# TRY IT:
Beginning with the first line below, retype exactly each line through the one containing "Rented by Compass | media 7". Leave out all pictures.

# GIVEN MATERIAL:
──────────────────────────────
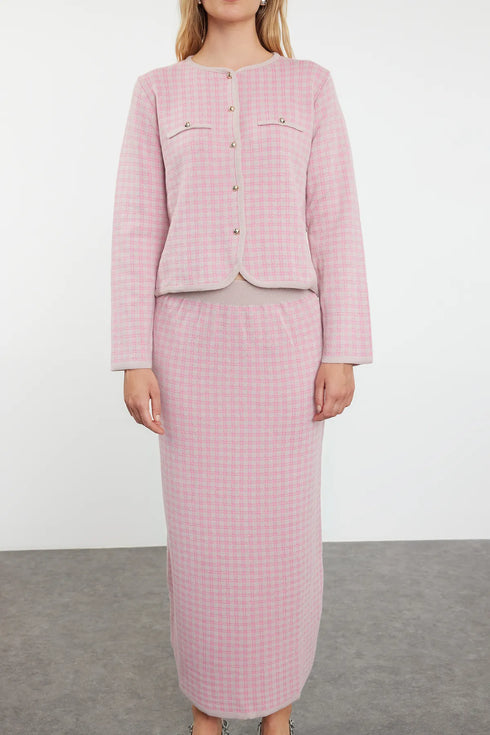 طقم تريكو منقوشة باللون الوردي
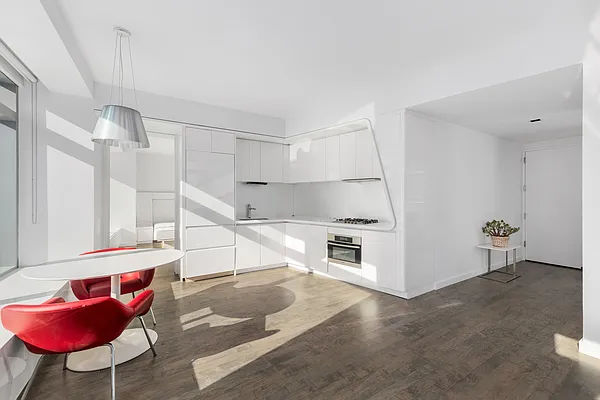 Rented by Compass | media 7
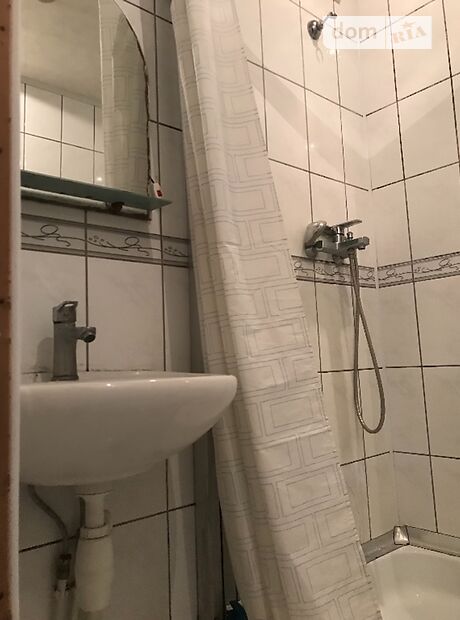 Продажа трехкомнатной квартиры в Черновцах, на Крут Героїв Бульвар район Бульвар Героев Сталинграда фото 1 Продажа трехкомнатной квартиры в Черновцах, на Крут Героїв Бульвар район Бульвар Героев Сталинграда фото 1
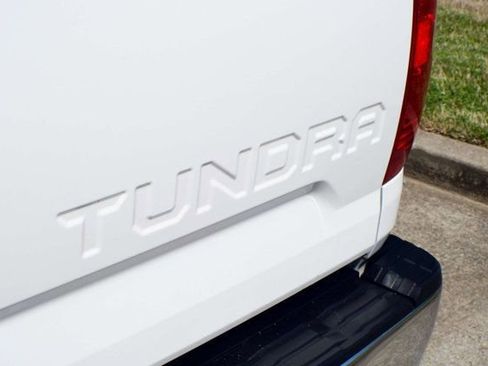 Used 2020 Toyota Tundra SR5 w/ SR5 Upgrade Package image 17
──────────────────────────────
# RESPONSE TO THIS TASK:
 طقم تريكو منقوشة باللون الوردي
 Rented by Compass | media 7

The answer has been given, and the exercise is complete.